━━━━━ Given records
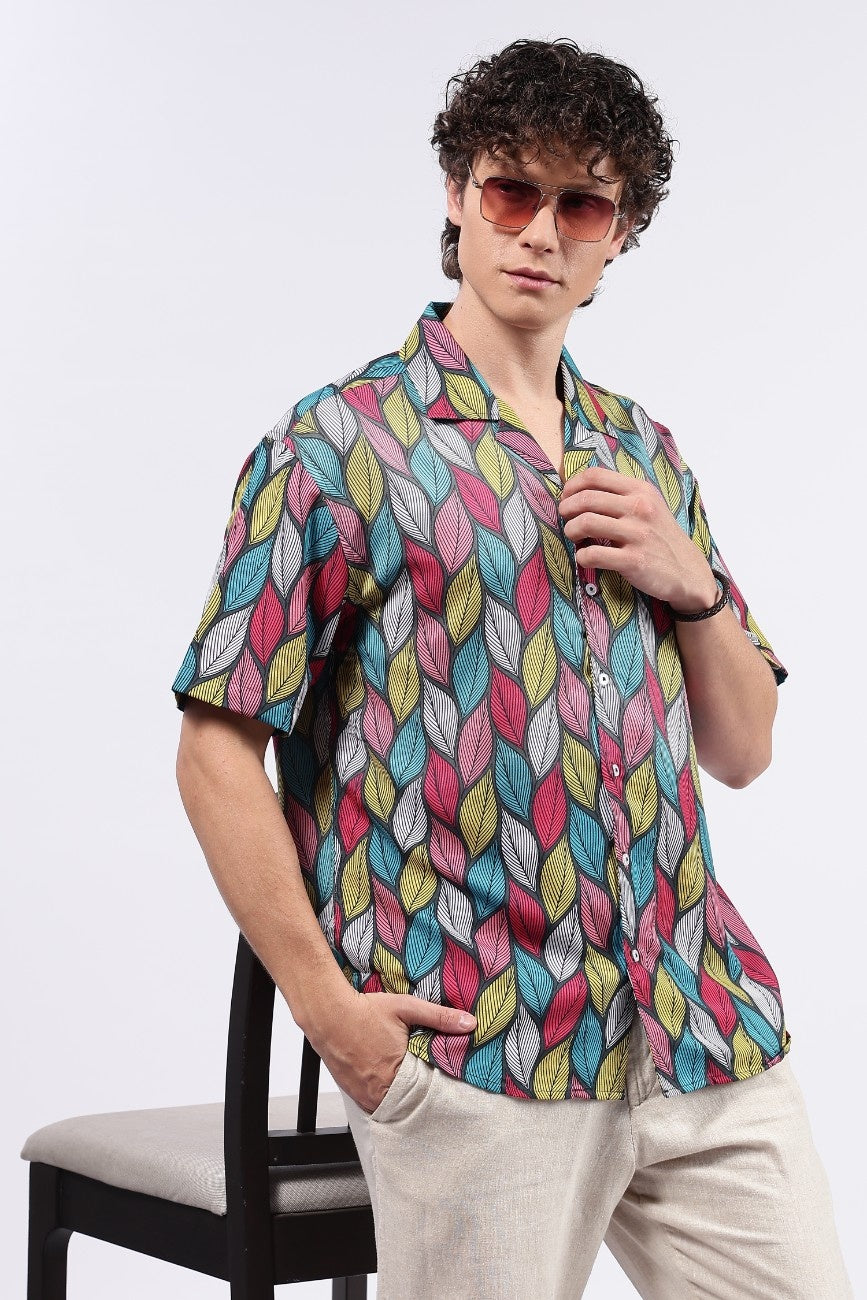 Tropical Leaf Cuban Shirt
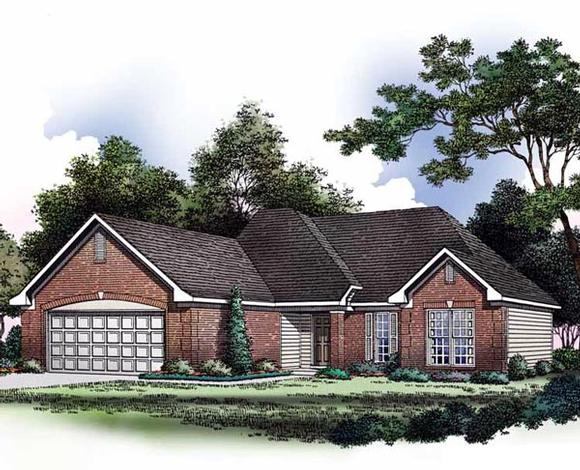 European, Traditional House Plan 93021 with 3 Beds, 2 Baths, 2 Car Garage Elevation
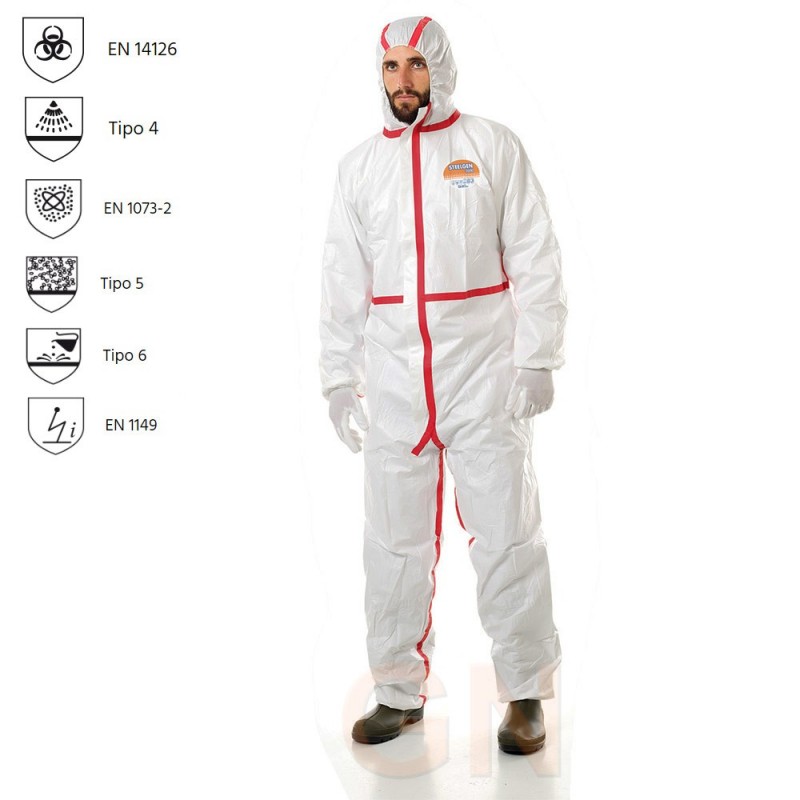 Buzo desechable e impermeable. Tipo 4, 5 y 6  (1 und)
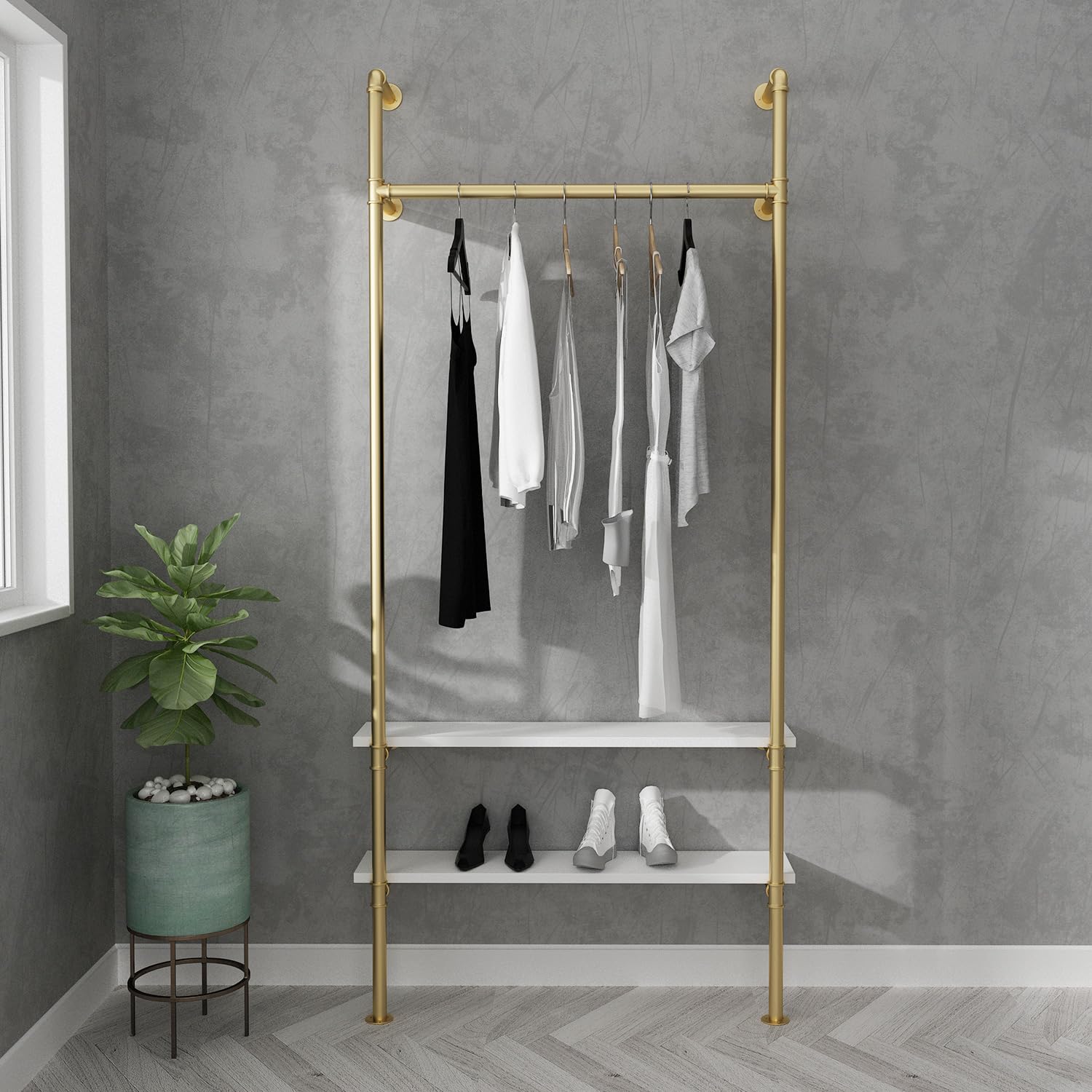 Industrial Pipe Clothing Rack - Heavy Duty Wall Mounted Garment Hanger for Wardrobe, Bedroom & Walk-in Closet - Gold Finish Steel Pipe Clothes Organizer - Perfect for Hanging Coats, Dresses & Seasonal Storage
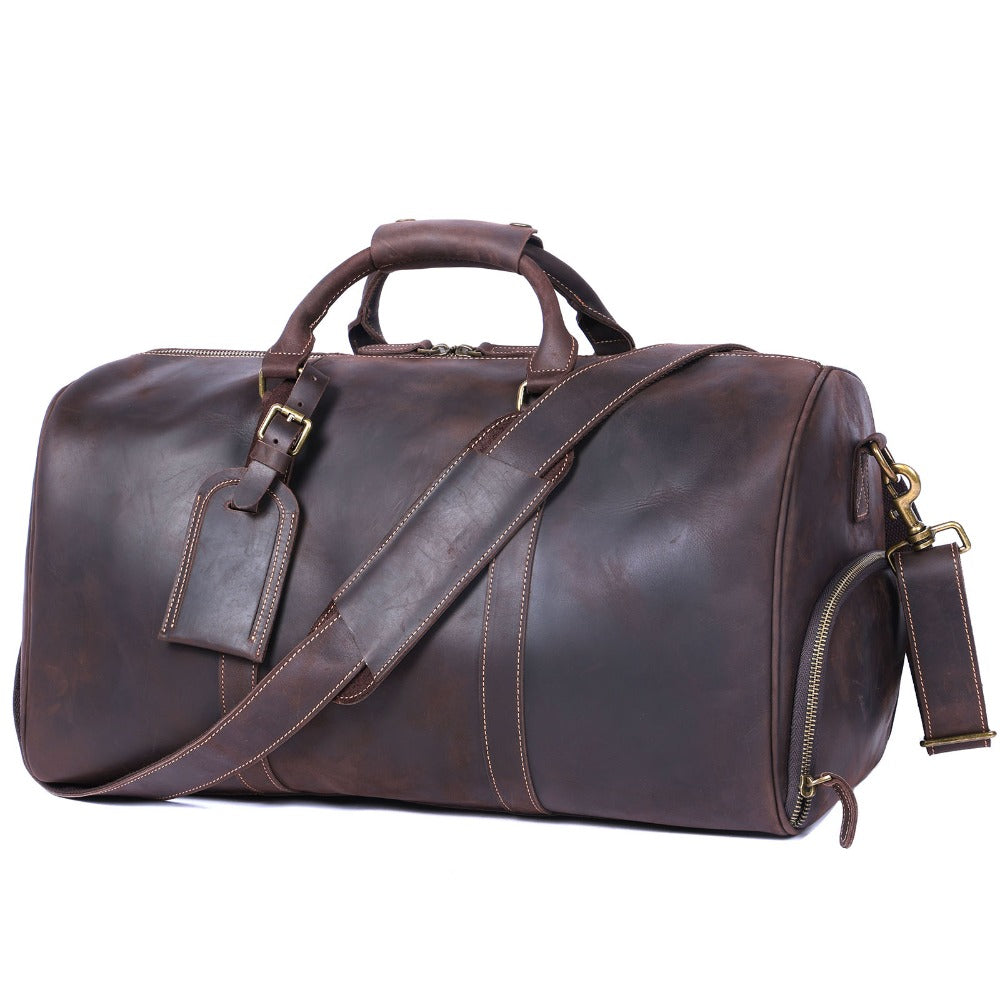 2 Size Retro Leather Traveling Bag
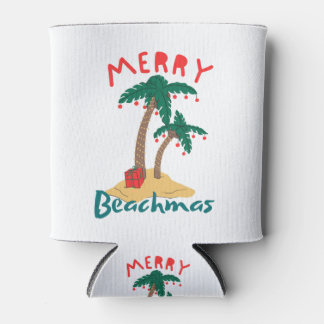 Enfriador De Latas Feliz Navidad de Playa en Julio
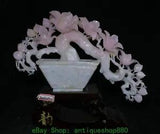17'' China Natural Xiu Pink Jade Carving Lily Flower Potted Plants Bonsai Statue
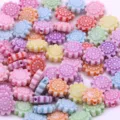 Colorful acrylic resin flower beads mixed styles for DIY kids jewelry making and craft supplies. - Style 10 / 100pcs Pack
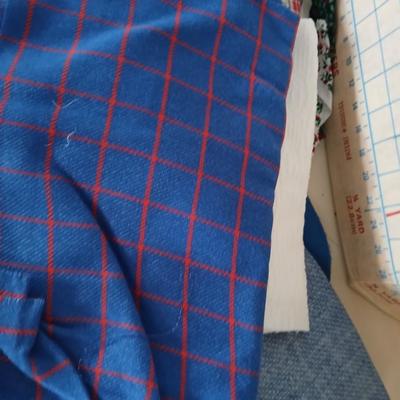 Large Lot of Assorted Cotton & Craft Fabrics – Novelty Prints, Yardage, Panels + Pattern Board in a storage tote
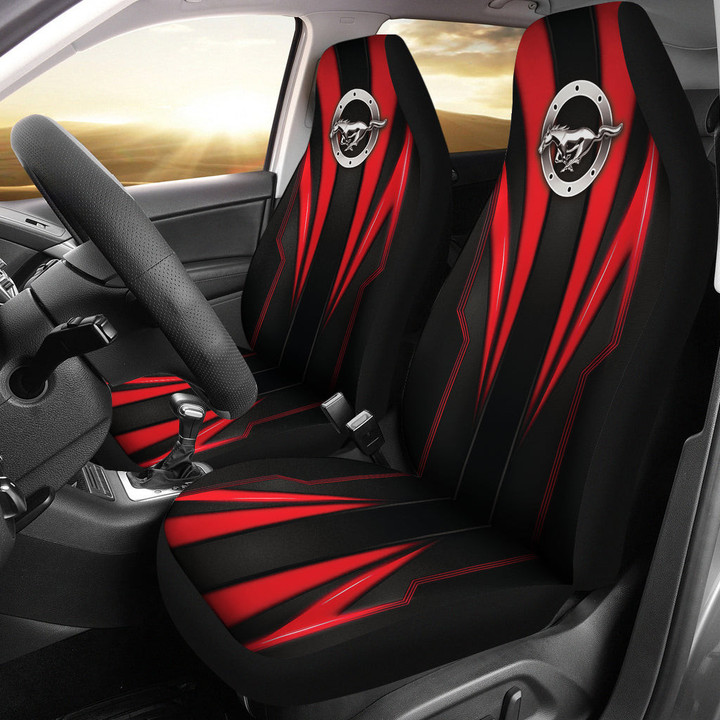 Mustang Red Logo Car Seat Covers Metal Abstract Car Accessories Ph220913-06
━━━━━━━━━━
> Exercise prompt
When you copy the data, keep every line exact and drop the pictures.

> Finished task
 Tropical Leaf Cuban Shirt
 European, Traditional House Plan 93021 with 3 Beds, 2 Baths, 2 Car Garage Elevation
 Buzo desechable e impermeable. Tipo 4, 5 y 6  (1 und)
 Industrial Pipe Clothing Rack - Heavy Duty Wall Mounted Garment Hanger for Wardrobe, Bedroom & Walk-in Closet - Gold Finish Steel Pipe Clothes Organizer - Perfect for Hanging Coats, Dresses & Seasonal Storage
 2 Size Retro Leather Traveling Bag
 Enfriador De Latas Feliz Navidad de Playa en Julio
17'' China Natural Xiu Pink Jade Carving Lily Flower Potted Plants Bonsai Statue
 Colorful acrylic resin flower beads mixed styles for DIY kids jewelry making and craft supplies. - Style 10 / 100pcs Pack
 Large Lot of Assorted Cotton & Craft Fabrics – Novelty Prints, Yardage, Panels + Pattern Board in a storage tote
 Mustang Red Logo Car Seat Covers Metal Abstract Car Accessories Ph220913-06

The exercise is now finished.